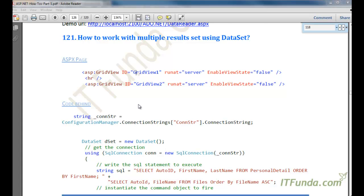In this how-to we are going to learn how to work with multiple result sets using DataSet. There might be a scenario where your stored procedure has two SELECT statements and that will naturally return two result sets. In that kind of scenario, instead of using DataTable with the SQL adapter, you will have to use DataSet.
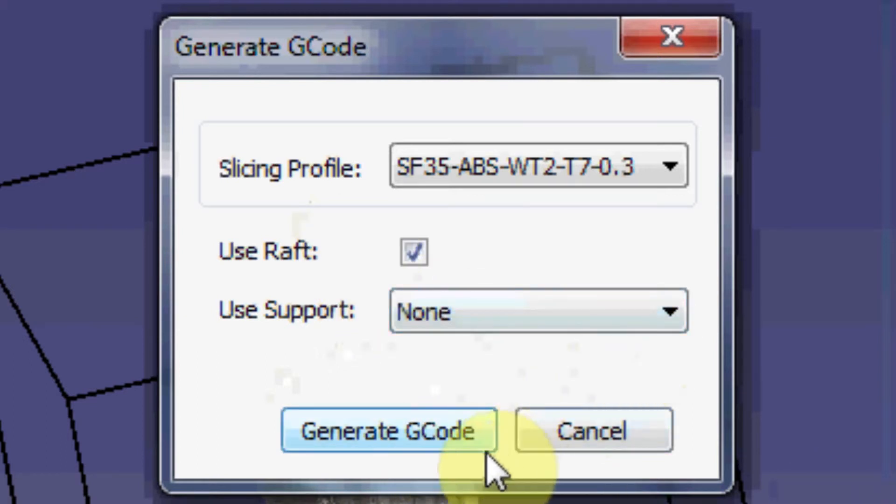As soon as your code is done generating, I bet you that the temperature will be ready. And we're just going to go ahead and hit start and start printing.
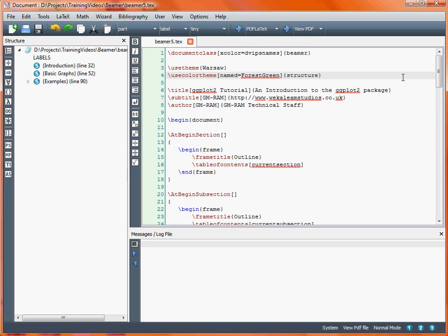So what we're going to move on to here is creating lists of text. Rather than just having paragraphs, which might sometimes be difficult to digest, we're going to look at how to use the LaTeX enumerate and itemise environments to create a list on a LaTeX Beamer slide.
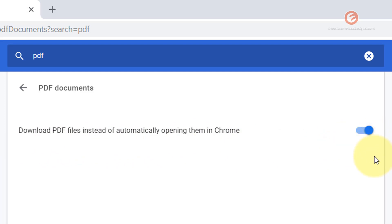This means that instead of opening the files automatically in Chrome, right now in my system it's just gonna download it. So we want to stop this behavior. To do so, simply toggle this and turn it off.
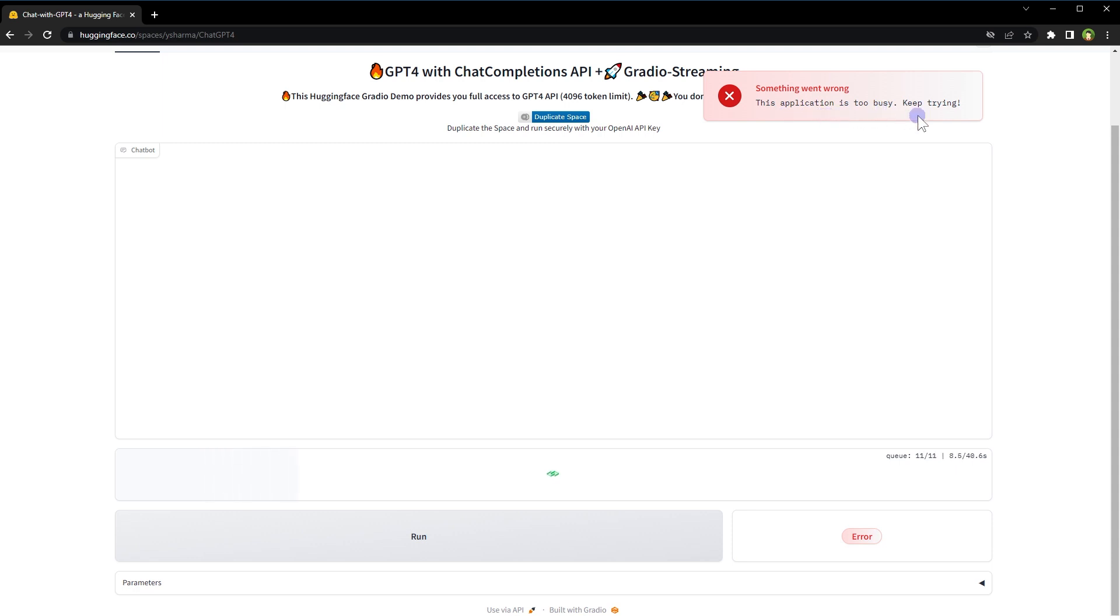Something went wrong. This application is too busy. Keep trying. This page is sometimes busy, you may have to try again sometimes, but you will experience GPT-4 for free. Get answers from GPT-4 for free using this tool.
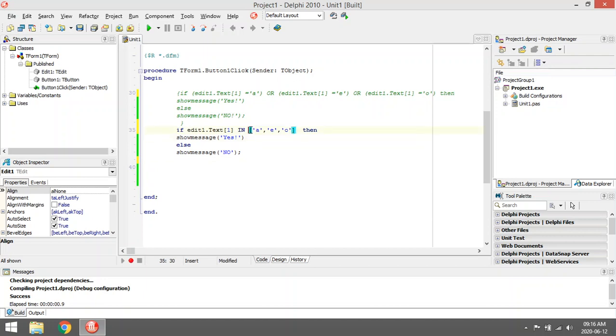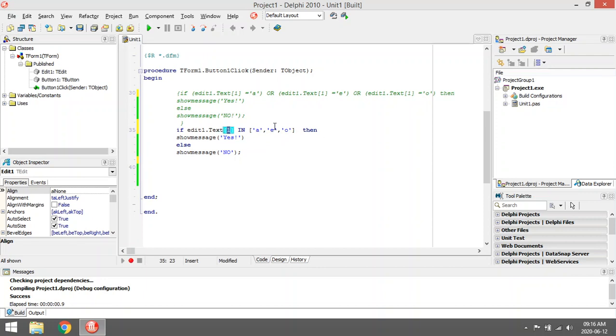have multiple options over here. So it's going to take the first character of edit1.text and test to see whether it's an A or E or O. You can even add some more options in there. So if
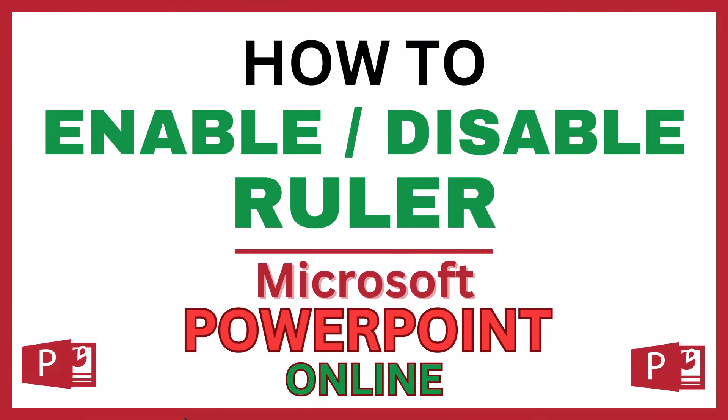This is going to be a video tutorial on how to enable or disable the ruler in Microsoft PowerPoint. I will be using the online version of PowerPoint.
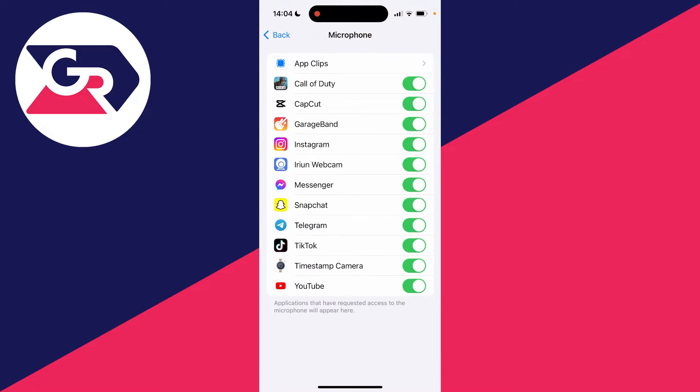You can then see the devices which have requested access to your microphone. As you can see I've got quite a few here. To turn off your microphone for them, all you need to do is switch it off. So I'll do TikTok just here and now TikTok will not be able to access my microphone. We've turned it off.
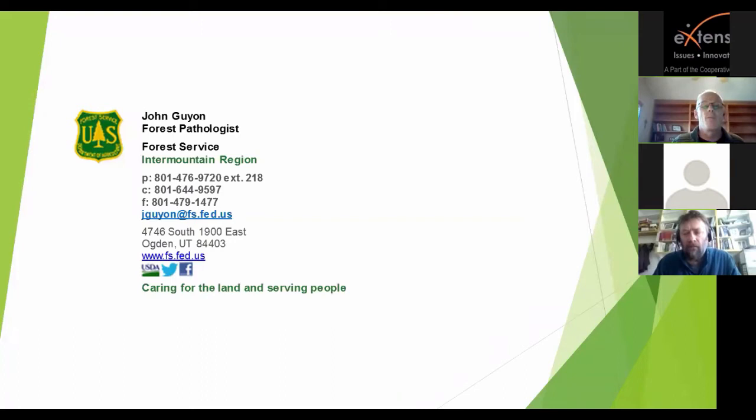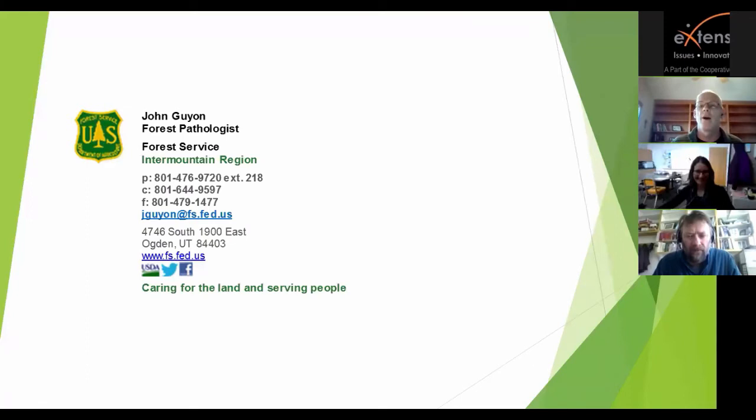That's all I've got. I do love talking about Aspen insects and diseases. There's my contact information — if anybody ever has a question about that, I'd be willing to talk about it. At this point I'd like to open it up for any questions.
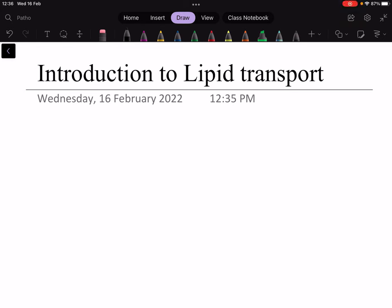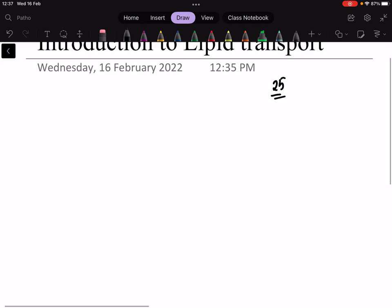Hello guys, welcome to Dr. Science. Today we are going to talk about an introduction to lipid transport and storage, which is Chapter 25 in your biochemistry textbook. I will start with the basics and then we will go more advanced.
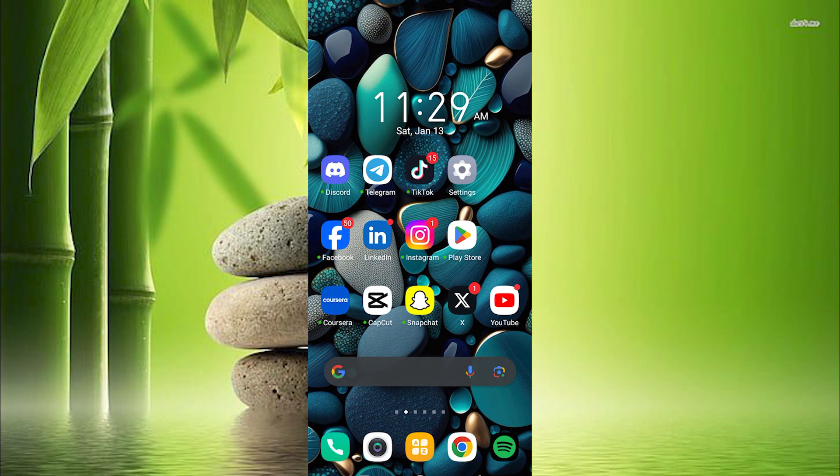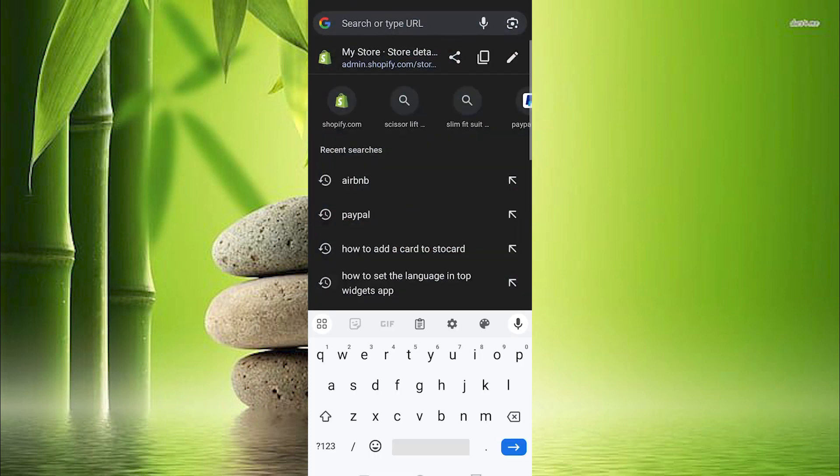You can either decide to use your PC or your phone to do this. For me, I will use my phone. Now just choose your favorite browser and click on it to open. For me, I will click on Google Chrome.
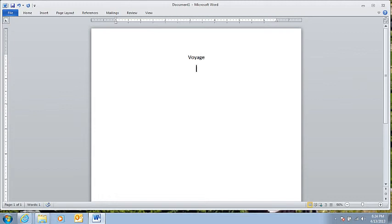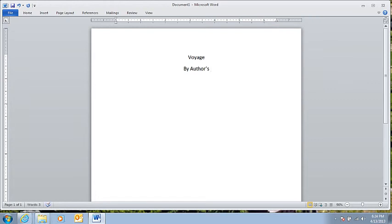Click Enter to go to the next line, and we can put who wrote the story, author's name.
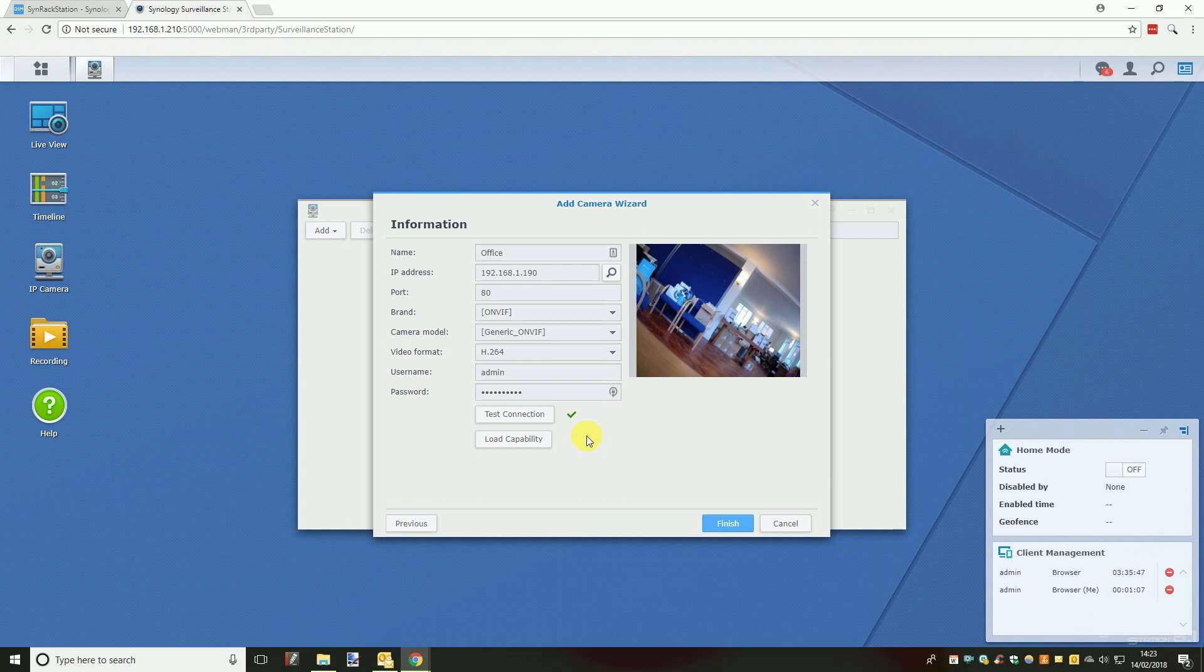After you have followed our instructions from a previous video or forum post on how to change the IP address you should get a successful connection and be able to add the camera.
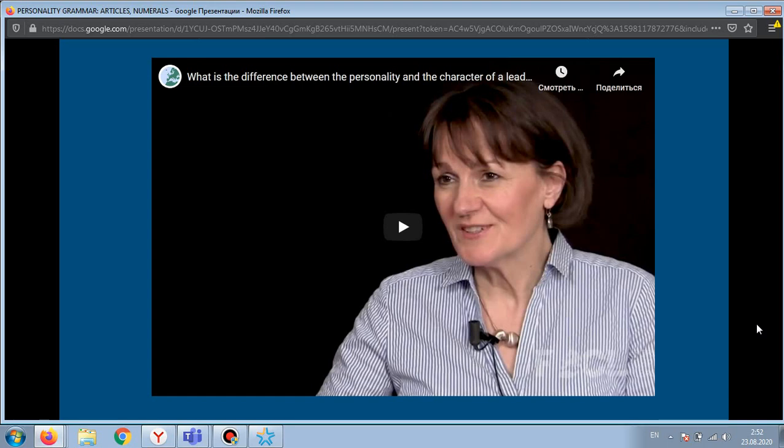After watching this video, you should be ready to answer the question: what is the difference between personality and character?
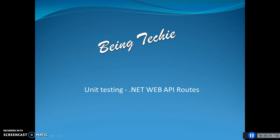Hello, welcome to Being Techie. Today I am going to explain unit testing in .NET WebAPI routes.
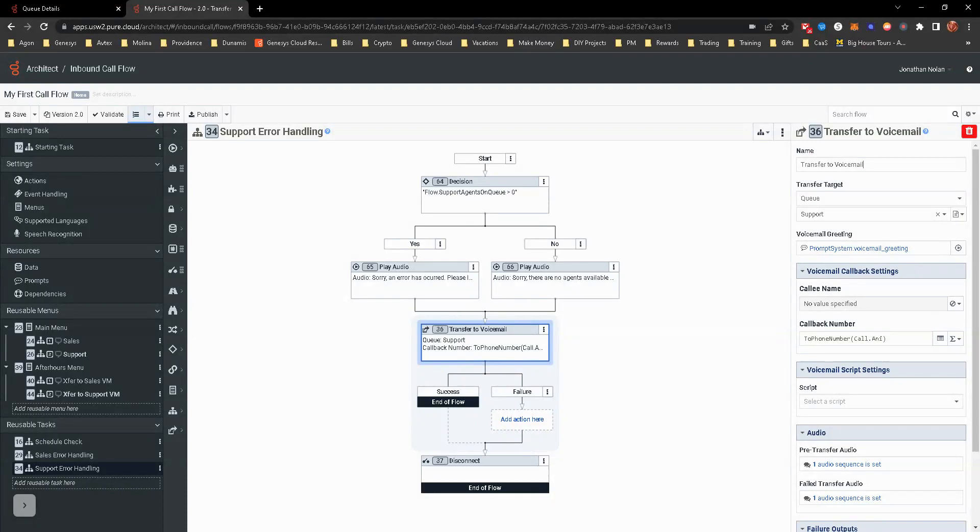It leads to a better overall conversation when they get there. Just make sure that you kind of play around this. Make sure to publish, make sure to validate, make sure to save everything because we will build off of this to make this even more personalized for the customer as they call in.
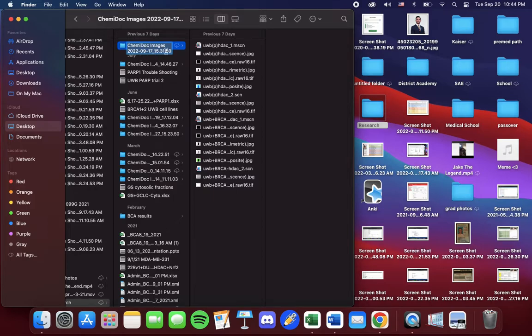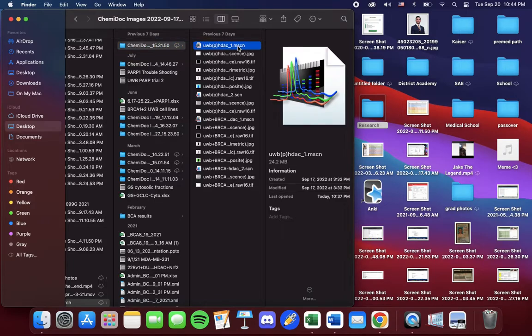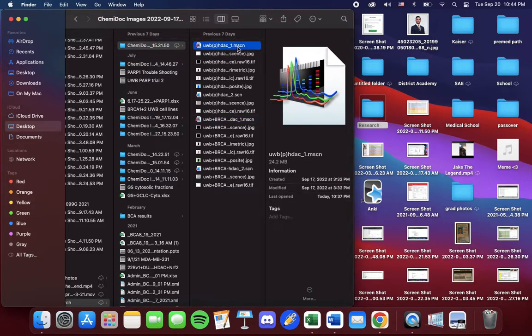Right here this is the file I'll be selecting. Once you've opened up the file you're going to see all these different documents. We want to select the MSCN documents. These will be the MSCN images.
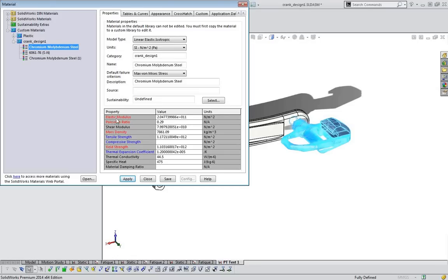The software actually helps you create your custom material by color-coding it when a simulation analysis is tied in. Whenever a property is red, it means that value is required. If it's blue, it's recommended that it be included. The basic requirement to run a static analysis is that all the red properties must be filled in.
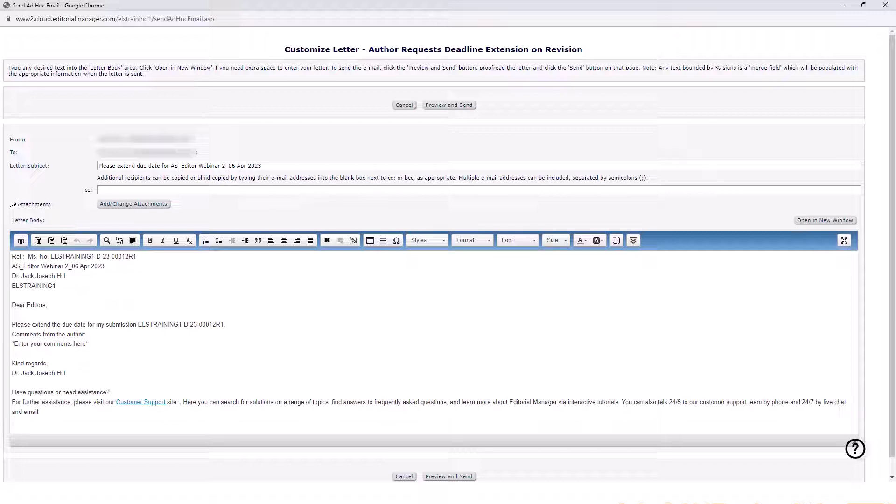The letter template will include identifying information. Keep those details unchanged to help the editorial team find the relevant submission.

= = = = =

Your output is the lines from the top of the entries through the line containing "Hello guys, welcome", exactly as they stand. No pictures belong in it.

In this how-to we are going to learn how to work with multiple result sets using DataSet. There might be a scenario where your stored procedure has two SELECT statements and that will naturally return two result sets. In that kind of scenario, instead of using DataTable with the SQL adapter, you will have to use DataSet.
As soon as your code is done generating, I bet you that the temperature will be ready. And we're just going to go ahead and hit start and start printing.
So what we're going to move on to here is creating lists of text. Rather than just having paragraphs, which might sometimes be difficult to digest, we're going to look at how to use the LaTeX enumerate and itemise environments to create a list on a LaTeX Beamer slide.
This means that instead of opening the files automatically in Chrome, right now in my system it's just gonna download it. So we want to stop this behavior. To do so, simply toggle this and turn it off.
Something went wrong. This application is too busy. Keep trying. This page is sometimes busy, you may have to try again sometimes, but you will experience GPT-4 for free. Get answers from GPT-4 for free using this tool.
have multiple options over here. So it's going to take the first character of edit1.text and test to see whether it's an A or E or O. You can even add some more options in there. So if
This is going to be a video tutorial on how to enable or disable the ruler in Microsoft PowerPoint. I will be using the online version of PowerPoint.
You can then see the devices which have requested access to your microphone. As you can see I've got quite a few here. To turn off your microphone for them, all you need to do is switch it off. So I'll do TikTok just here and now TikTok will not be able to access my microphone. We've turned it off.
That's all I've got. I do love talking about Aspen insects and diseases. There's my contact information — if anybody ever has a question about that, I'd be willing to talk about it. At this point I'd like to open it up for any questions.
Hello guys, welcome to Dr. Science. Today we are going to talk about an introduction to lipid transport and storage, which is Chapter 25 in your biochemistry textbook. I will start with the basics and then we will go more advanced.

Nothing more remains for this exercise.